• REQUIRED ACTION
In the entries below, find the line with "Hail hit chalk-marked" and the line with "COVID vaccine stickers"; copy them and every line between them exactly, but not the pictures.

*** EXERCISE INPUTS Section Begins ***

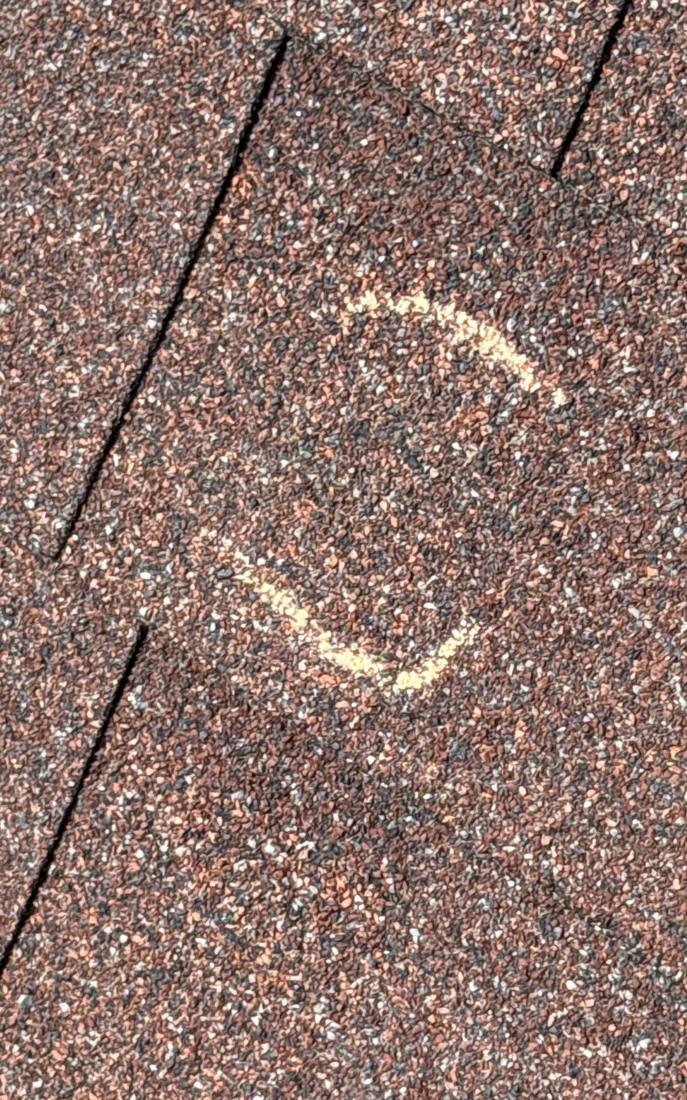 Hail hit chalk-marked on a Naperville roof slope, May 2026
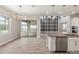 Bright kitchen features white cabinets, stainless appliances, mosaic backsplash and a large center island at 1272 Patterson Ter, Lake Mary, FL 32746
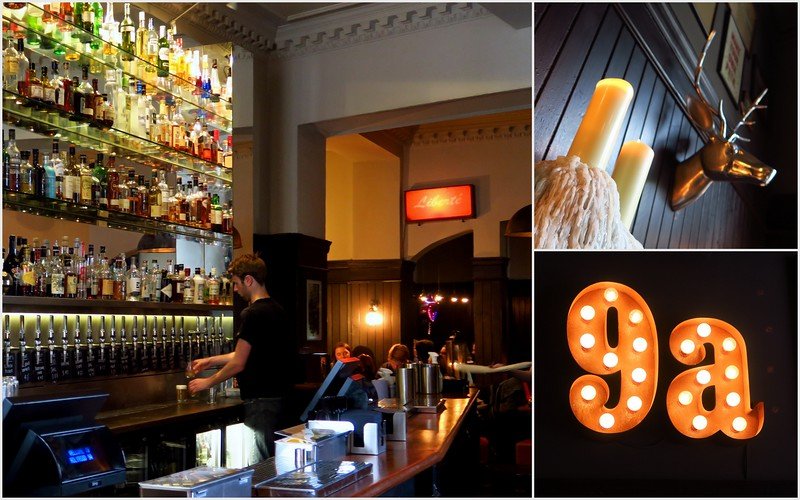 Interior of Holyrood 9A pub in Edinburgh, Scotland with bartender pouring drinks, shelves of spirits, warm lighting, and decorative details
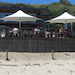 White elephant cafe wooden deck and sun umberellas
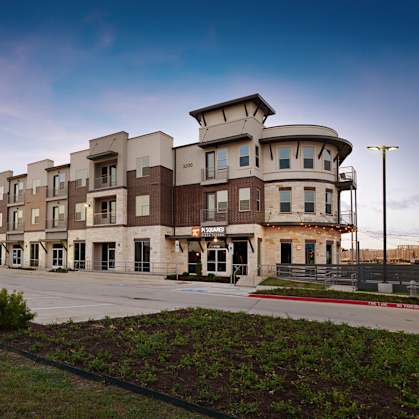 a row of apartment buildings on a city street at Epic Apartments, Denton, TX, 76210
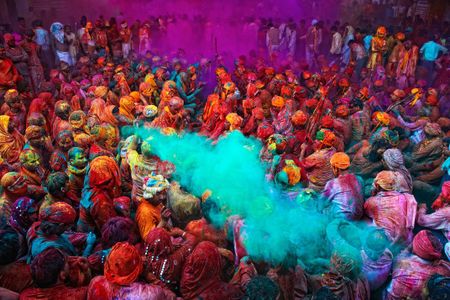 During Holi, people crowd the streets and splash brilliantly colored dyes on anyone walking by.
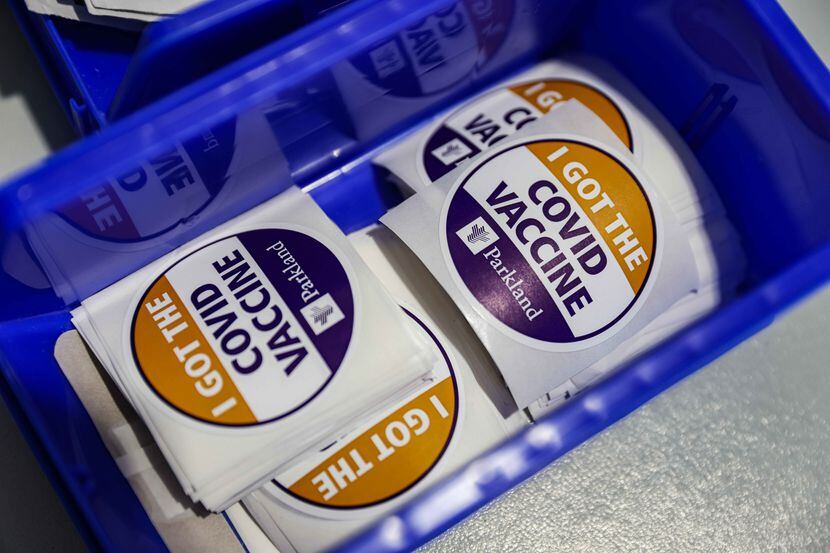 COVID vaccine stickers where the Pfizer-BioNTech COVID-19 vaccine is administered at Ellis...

*** EXERCISE INPUTS Section Ends ***
*** EXERCISE INPUTS Section Begins ***

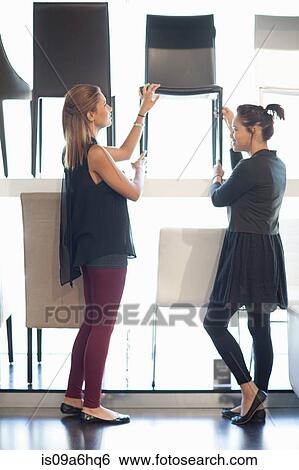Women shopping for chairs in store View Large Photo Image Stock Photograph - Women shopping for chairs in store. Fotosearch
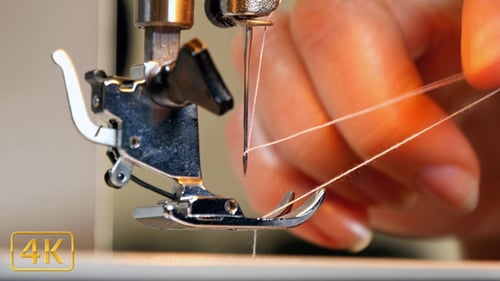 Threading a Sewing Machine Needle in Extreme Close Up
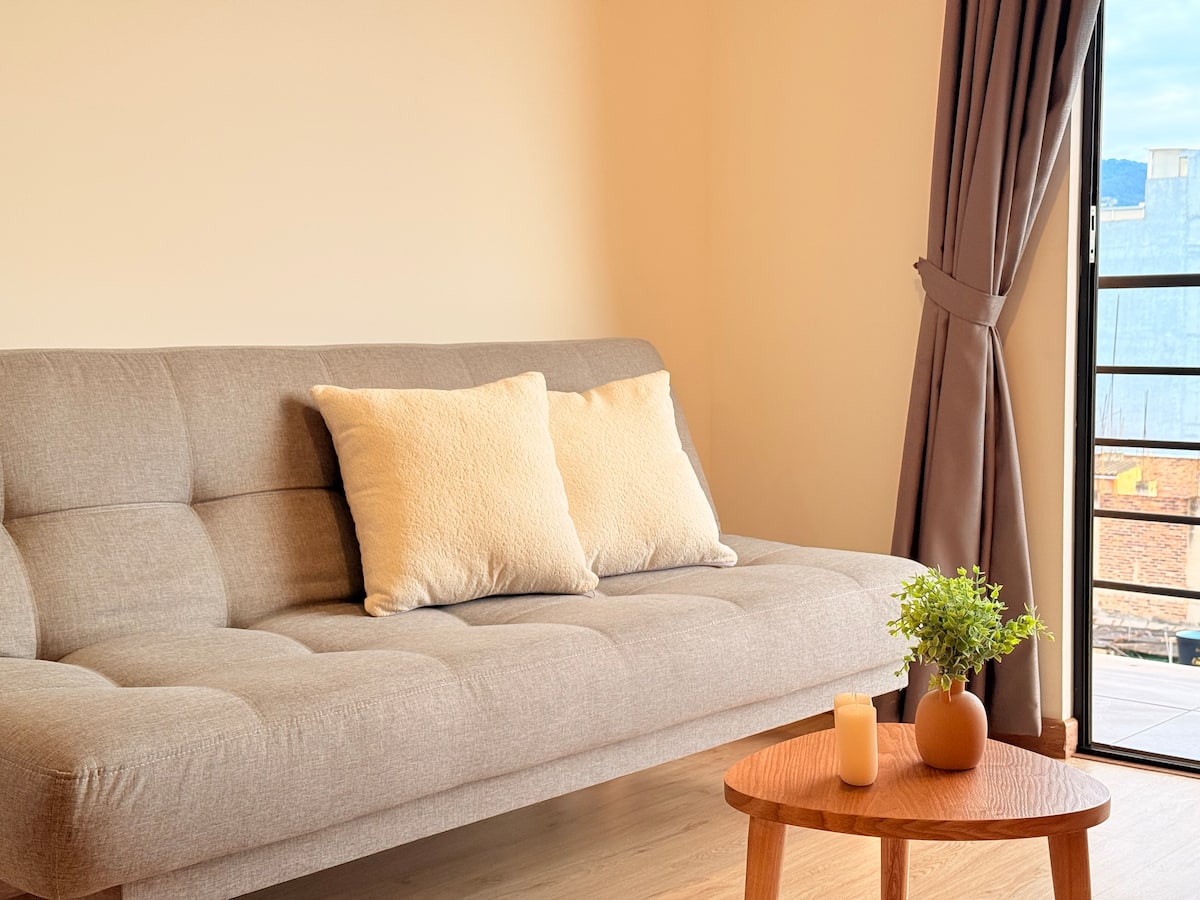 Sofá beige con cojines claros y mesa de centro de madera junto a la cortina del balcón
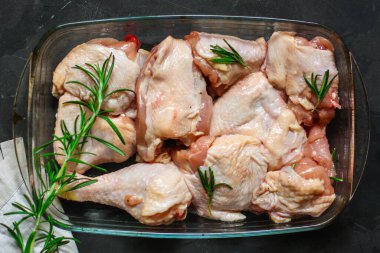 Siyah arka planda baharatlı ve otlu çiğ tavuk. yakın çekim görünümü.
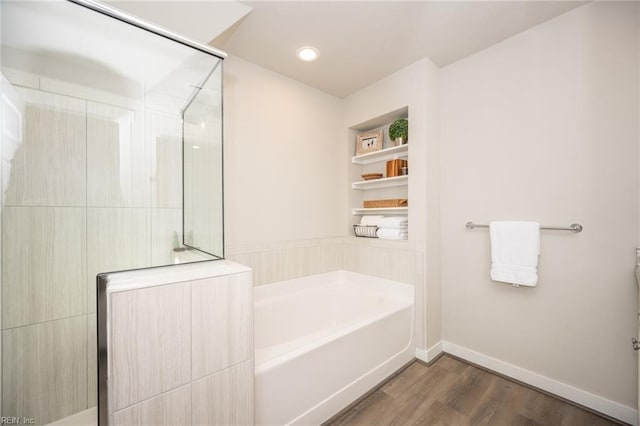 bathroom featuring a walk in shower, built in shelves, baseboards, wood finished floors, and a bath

*** EXERCISE INPUTS Section Ends ***

• EXERCISE OUTPUT
 Hail hit chalk-marked on a Naperville roof slope, May 2026
 Bright kitchen features white cabinets, stainless appliances, mosaic backsplash and a large center island at 1272 Patterson Ter, Lake Mary, FL 32746
 Interior of Holyrood 9A pub in Edinburgh, Scotland with bartender pouring drinks, shelves of spirits, warm lighting, and decorative details
 White elephant cafe wooden deck and sun umberellas
 a row of apartment buildings on a city street at Epic Apartments, Denton, TX, 76210
 During Holi, people crowd the streets and splash brilliantly colored dyes on anyone walking by.
 COVID vaccine stickers where the Pfizer-BioNTech COVID-19 vaccine is administered at Ellis...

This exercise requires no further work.